= Crotone Prize =

The Crotone Prize (Premio Crotone, IPA: /it/) was a prominent Italian literary award founded on April 4, 1952 in Crotone, Calabria, through the initiative of then-mayor Silvio Messinetti.

== History ==
The first official award ceremony took place in November 1956, and the prize continued until 1963. In its brief but influential existence, the Crotone Prize became a landmark event in Italian cultural life, recognizing and celebrating key figures in the nation's literature.

Notable winners included Leonida Repaci, Leonardo Sciascia, and Pier Paolo Pasolini though Pasolini's award in 1959 was controversially revoked by Francesco De Lorenzo, the prefect of Catanzaro at the time.

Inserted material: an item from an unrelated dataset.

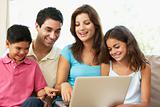 Family Sitting On Sofa At Home With Laptop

The jury was composed of some of Italy's most distinguished literary figures, such as Giuseppe Ungaretti, Carlo Emilio Gadda, Arnoldo Mondadori, Valentino Bompiani, and Alberto Moravia, among others. Their involvement helped elevate the prize's prestige, establishing Crotone as an important cultural hub in Southern Italy.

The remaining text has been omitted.